Artikel, die unter dem Namen "Auslaufartikel" gelaufen seien, seien kontinuierlich
verlagert worden. Hierfür habe er tschechische Mitarbeiter in der Programmierung
und Bedienung von Schweißrobotern geschult. Damit habe er die Verlagerung
eines Teils der Schweißanlagen vorbereitet. Er könne aus eigener Wahrnehmung
neben der Demontage und dem Transport auch den Wideraufbau der Anlagen in
Tschechien bestätigen.

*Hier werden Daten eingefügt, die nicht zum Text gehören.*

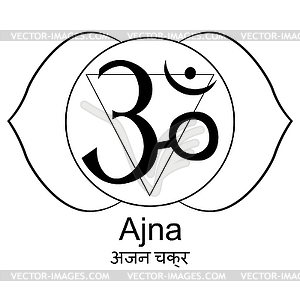 Coloring Indian of ajna chakra - vector clipart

Die Beklagte zu 1) habe mit eingeschränkter
Personaldecke mit den verbliebenen Maschinen reduziert produziert.
Als ehemaliger Vertriebsleiter der Beklagten zu 1) hat der Zeuge P3xxxxxx in
seiner schriftlichen Zeugenaussage vom 07.11.2005 bestätigt, dass die Beklagte
zu 1) nach September 2004 nicht mehr produziert habe. Er bekräftigt zudem die
Feststellung des Zeugen R5xxxxx bzgl. der dargestellten Vorproduktion. Diese sei
erforderlich gewesen, um die Versorgung der Kunden sicherzustellen.
53
Damit steht zur Überzeugung der erkennenden Berufungskammer fest, dass mit In-
Kraft-Treten der zwischen den Beklagten getroffenen
Maschinennutzungsvereinbarung ab Oktober 2004 die Produktion der Beklagten
aufgelöst und endgültig stillgelegt war. Dies hat zur Konsequenz, dass für die
Klägerin im Betrieb der Beklagten zu 1) kein Bedarf mehr als Maschinenbedienerin
bestand. Unter Berücksichtigung ihrer Kündigungsfrist war die Beklagte zu 1)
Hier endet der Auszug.